[[ Given records, beginning ]]
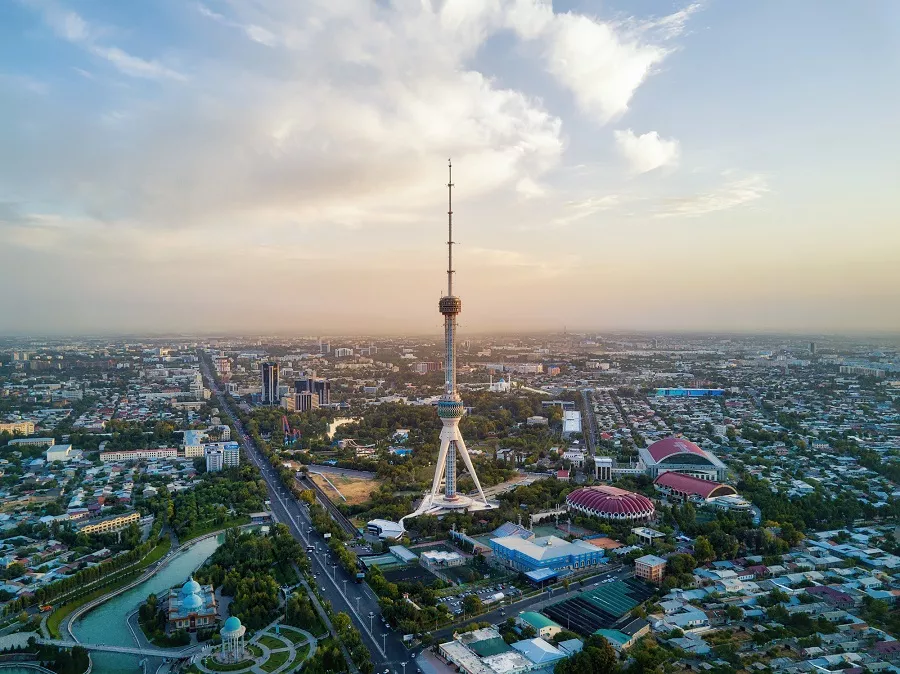 IN THE FOOTSTEPS OF THE GREAT SILK ROAD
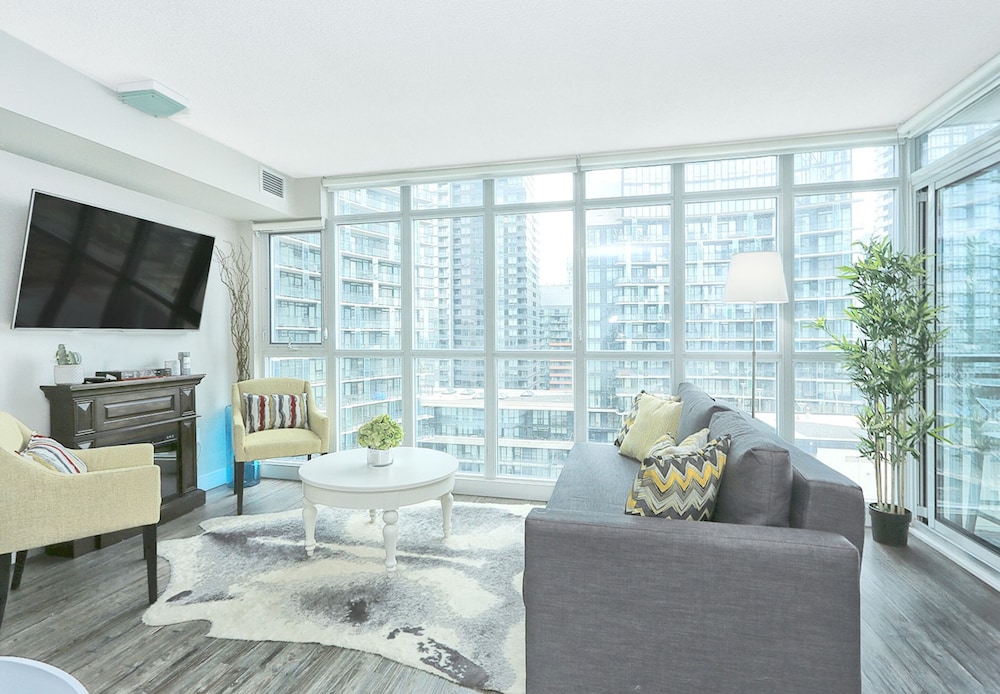 Bremner Blvd-CN Tower-Union Station - Image 4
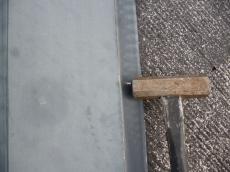 屋根　板金　釘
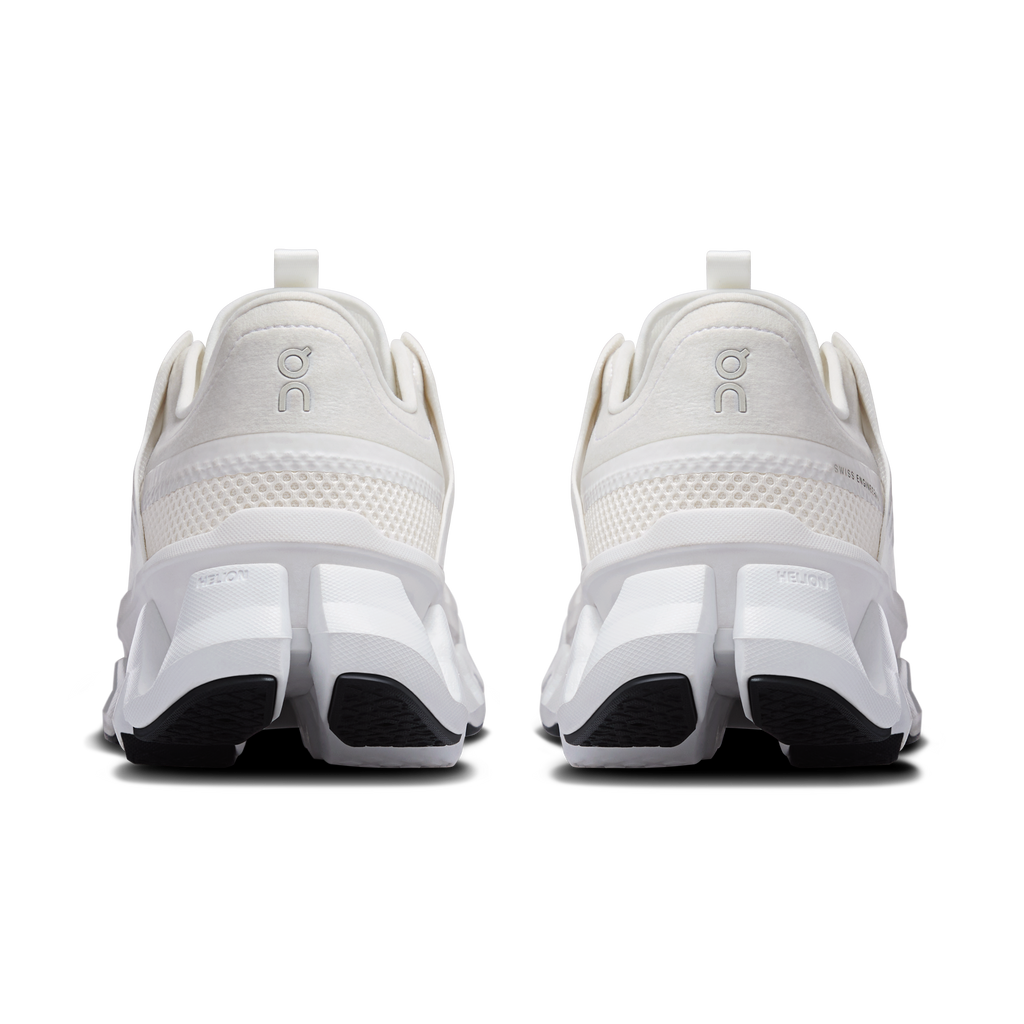 On Running Women's Cloudswift Amp Shoes - White / White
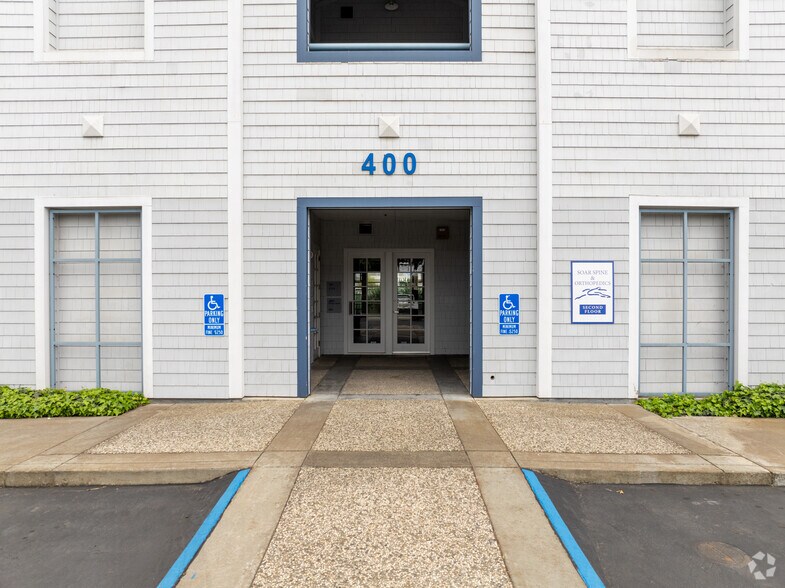 More Photos Of 400 Seaport Ct, Redwood City Medical For Lease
[[ Given records, end ]]
Write each line exactly as it appears, from the line that holds "On Running Women's" through the closing line of the data above, and leave every picture out.

▶ **Task response**
 On Running Women's Cloudswift Amp Shoes - White / White
 More Photos Of 400 Seaport Ct, Redwood City Medical For Lease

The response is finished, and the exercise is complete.